Venezuela: Foreign exchange system overhauled
Economic uncertainty deepened in Venezuela as the government implemented on 26 January yet another reform of the country’s foreign exchange system, amid a deep economic meltdown and a severe shortage of dollars that is fueling high inflation. Aiming to optimize the foreign currency regime, the policy move unified the formerly two-tiered exchange rate system that was established in March 2016 and was based on a highly subsidized “Dipro” rate operating alongside a quasi-liberalized “Dicom” rate. The initial results from the overhaul suggest, however, that it will continue to suffer from two problems that have rendered past reforms ineffective: the official-parallel market rate mismatch and liquidity constraints in the system.
The new regulations eliminated the preferential Dipro rate and mandated that all future foreign exchange transactions for the public and private sectors be conducted at a renewed Dicom rate. The revamped system’s first auction was held on 1 February, and, according to results released by the Central Bank on 5 February, the Dicom rate closed at 25,000 VEF per USD—indicating a devaluation of practically 100% with respect to the eliminated 10 VEF per USD Dipro rate and over 86% from the 3,345 VEF per USD Dicom rate that resulted from the previous auction in August 2017, which was set as the initial base rate for the renewed system.

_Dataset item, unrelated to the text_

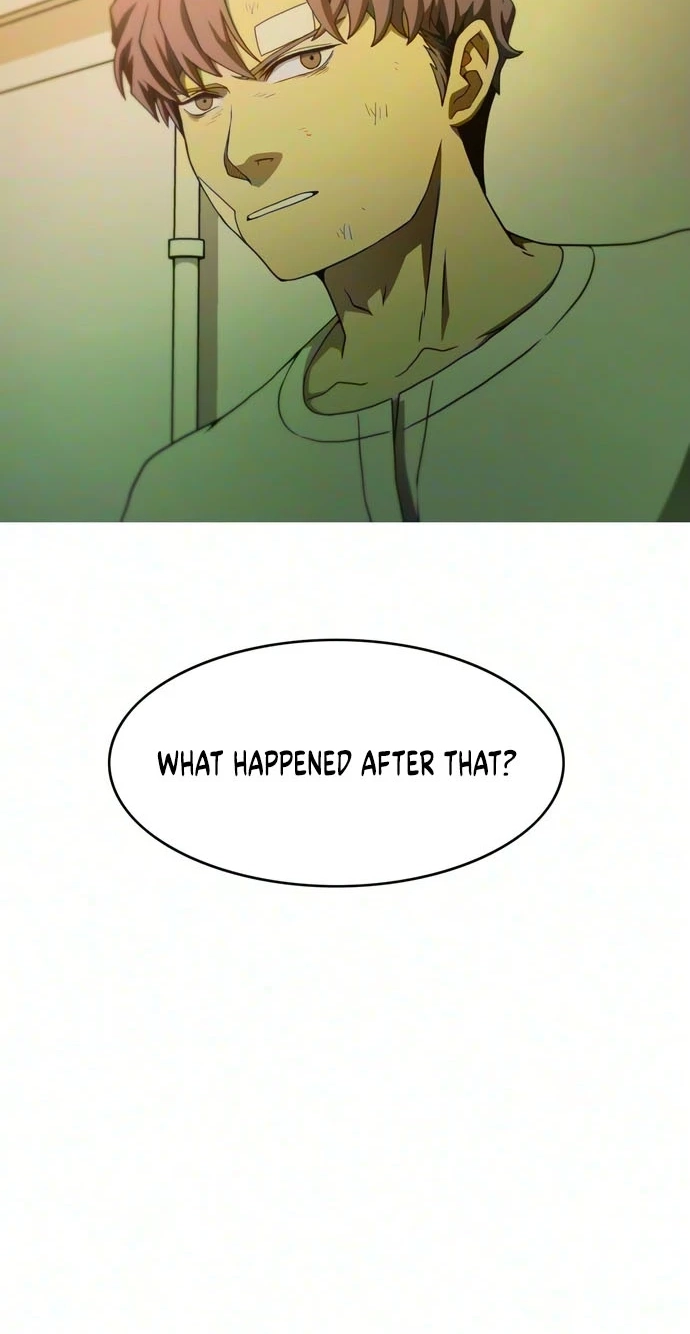 Read Synaptic Error chapter 16 image 58 on Lezhin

Although it is too early to gauge the impact of the new forex regime, the reform, if successful, would prompt private actors to take currency transactions away from the black market and rely instead on the single official Dicom rate to conduct trades. Such a shift would cause the black market to gradually lose momentum, eventually helping to break the vicious inflation-depreciation cycle crippling the economy. However, although the value of the Dicom rate plummeted following the first auction, it remains drastically overvalued in comparison to the parallel market rate; in the parallel market, it traded at 235,800 VEF per USD on 1 February. Hence, the reform’s ability to successfully address the huge discrepancy between the official and non-official rate remains to be seen. The second auction has been scheduled for 16 February.

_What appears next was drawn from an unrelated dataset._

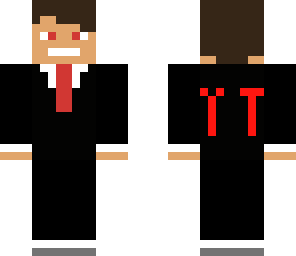 wr3nt skin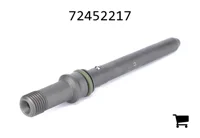 AGCO 72452217 Фильтр топливной форсунки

The latest reform seeks to simplify an exchange rate system that has been in tight government control for 15 years and which experts contend is one key driver of the country’s economic woes. Like previous reform efforts had attempted, it must address two critical issues in order to become effective. First, the enormous differential between official and non-official rates creates lucrative arbitrage opportunities for those who have access through official channels to hard currency, as they can then sell it for handsome profits in the parallel market. If this issue is not corrected—and the latest auction results indicate it was not—strong incentives for speculation, which have been plaguing the economy for years, will remain, and the black market will continue to thrive.

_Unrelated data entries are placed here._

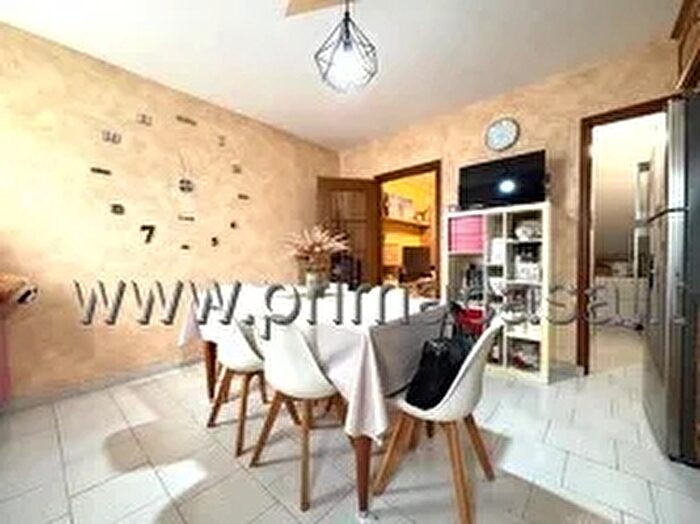 Casa quadrilocale in vendita in Corso della Vittoria, Legnago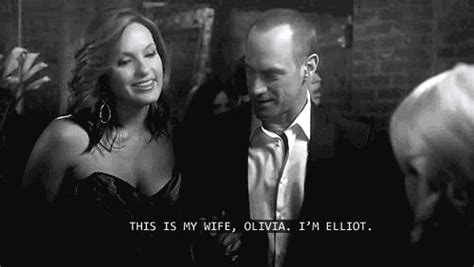 Past episodes of svu are available to stream on hulu. Chriska! | Benson and stabler, Law and order, Law and ...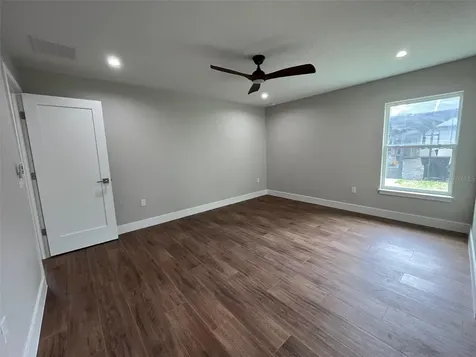 35 Freneau Lane Palm Coast FL 32137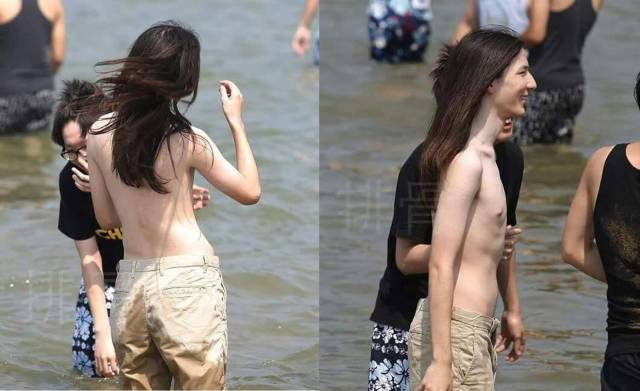 daily picdump weekend edition 66 pics 2.html - 66 HD Photos | Premium Gallery 2017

Second, the allocation of sufficient liquidity to the system is essential for its sustained operation. The previous Dicom regime was shut down in September 2017 because of authorities’ inability to supply enough foreign currency to meet demand. On this occasion, the new regulations imposed restrictions on the government’s participation as a seller and require auctions to be driven by the private supply of liquidity. However, cash-strapped households and firms are the ones in dire need of liquidity, which suggests the system will experience the same issues, and market actors will have to continue relying on the parallel market for their foreign currency transactions. The issue is compounded by U.S. financial sanctions, which the Central Bank stressed had created “significant difficulties” in transferring foreign currency between public and private banks in the 1 February auction.
All told, Venezuela’s latest strategy to revamp its currency exchange system will likely fall short of effectively tackling the crucial issues of liquidity shortages and exchange rate differentials between the official and parallel market. The new policy risks becoming a half-measure, similar to previous reform initiatives, and does not point to a transformative solution to the economy’s structural problem, which operates under a dysfunctional exchange rate regime.
Venezuela Exchange Rate Forecast
Panelists participating in the LatinFocus Consensus Forecast are still factoring in the results of the recent overhaul, but the outlook is not upbeat. They project a non-official exchange rate of 2,602,305 VEF per USD at the end of 2018 and in 2019, they see the non-official exchange rate trading at 2,859,864 VEF per USD.